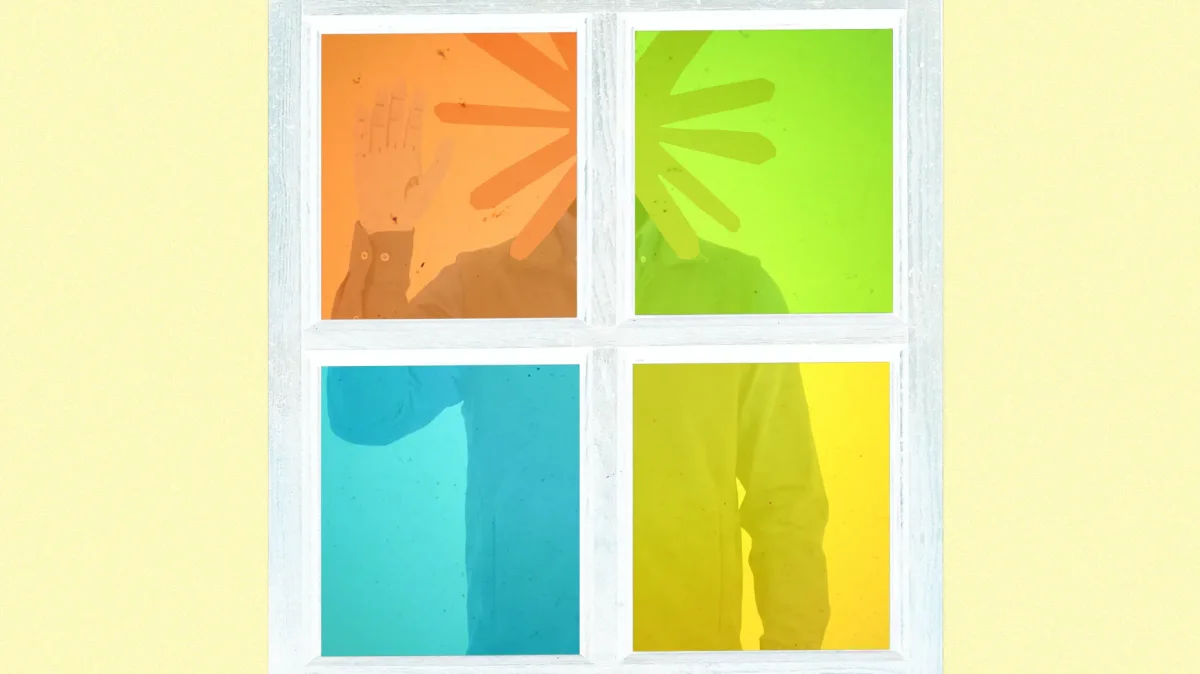 La nueva ola de SPACs plantea los mismos riesgos que la anterior, advierten expertos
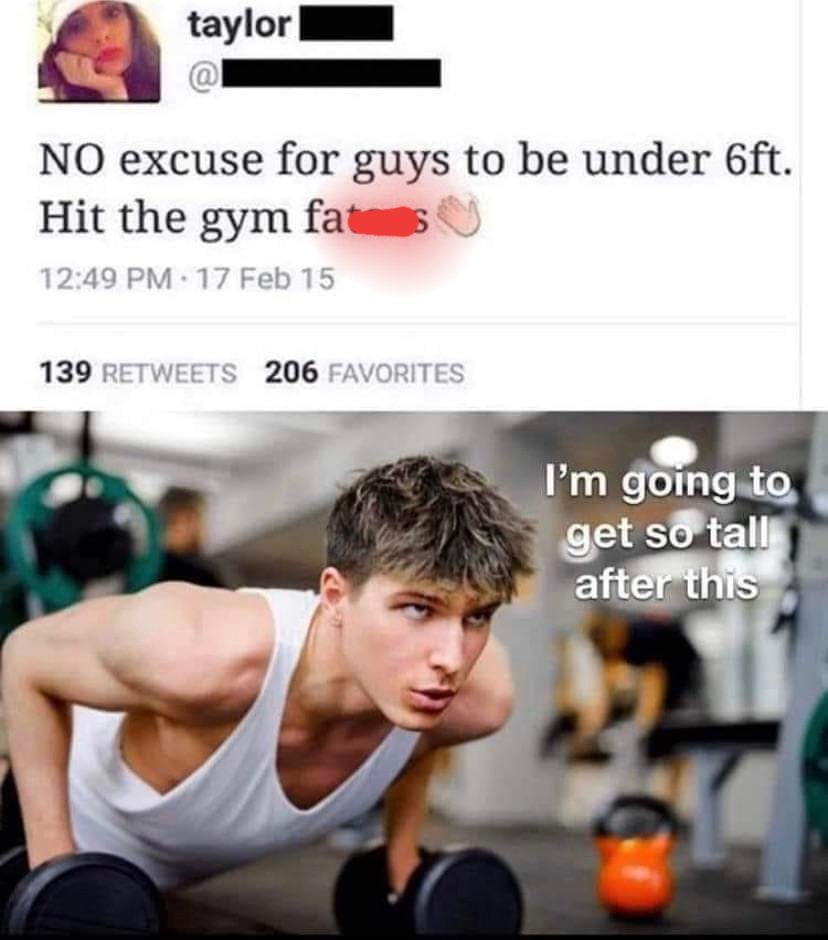 HerculeanStren1's tweet image. 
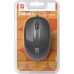 Мышка Defender Datum MS-980 Black (52980)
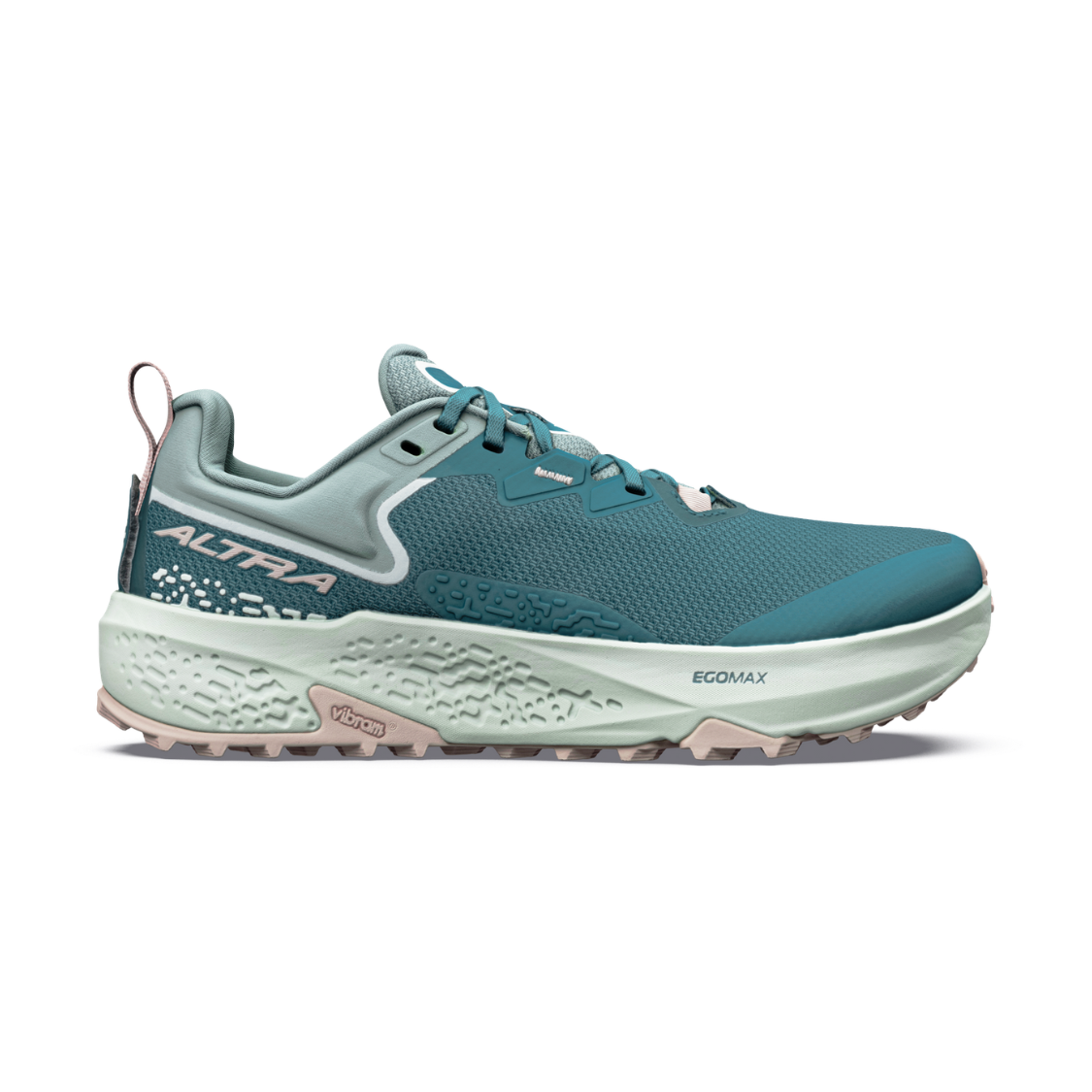 Altra Women's Timp 6 Trail Running Shoes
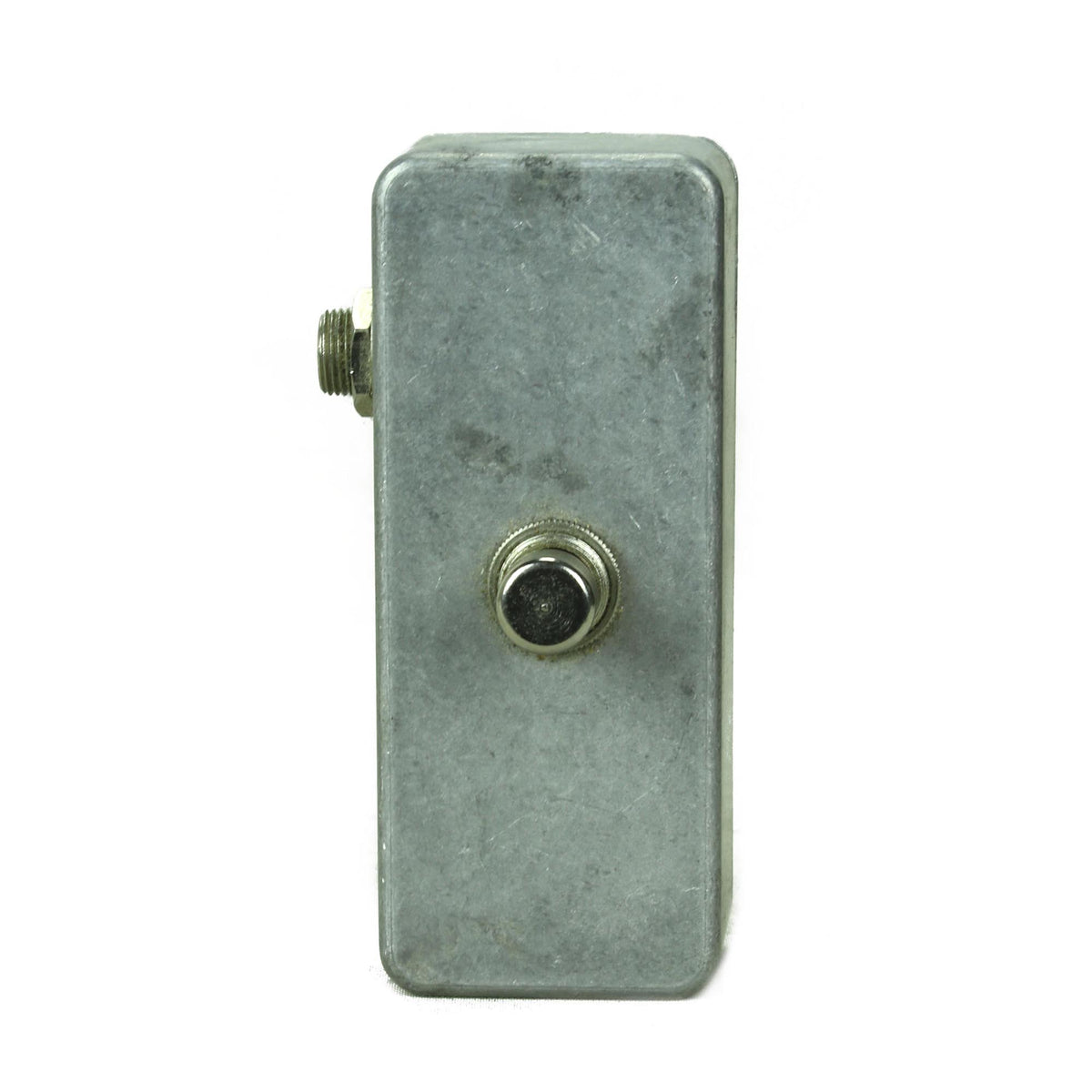 Verellen Louckus Head - Used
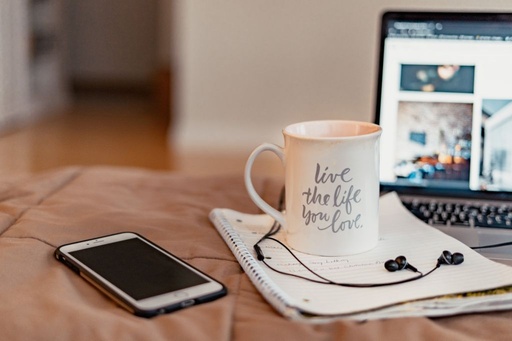 Graphic Design Bootcamp
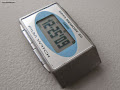 Casio FS-06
-*-
§ **TASK BRIEF**
The copy you return must match the records above exactly, minus any images.

§ **TASK RESULT**
 La nueva ola de SPACs plantea los mismos riesgos que la anterior, advierten expertos
 HerculeanStren1's tweet image. 
 Мышка Defender Datum MS-980 Black (52980)
 Altra Women's Timp 6 Trail Running Shoes
 Verellen Louckus Head - Used
 Graphic Design Bootcamp
 Casio FS-06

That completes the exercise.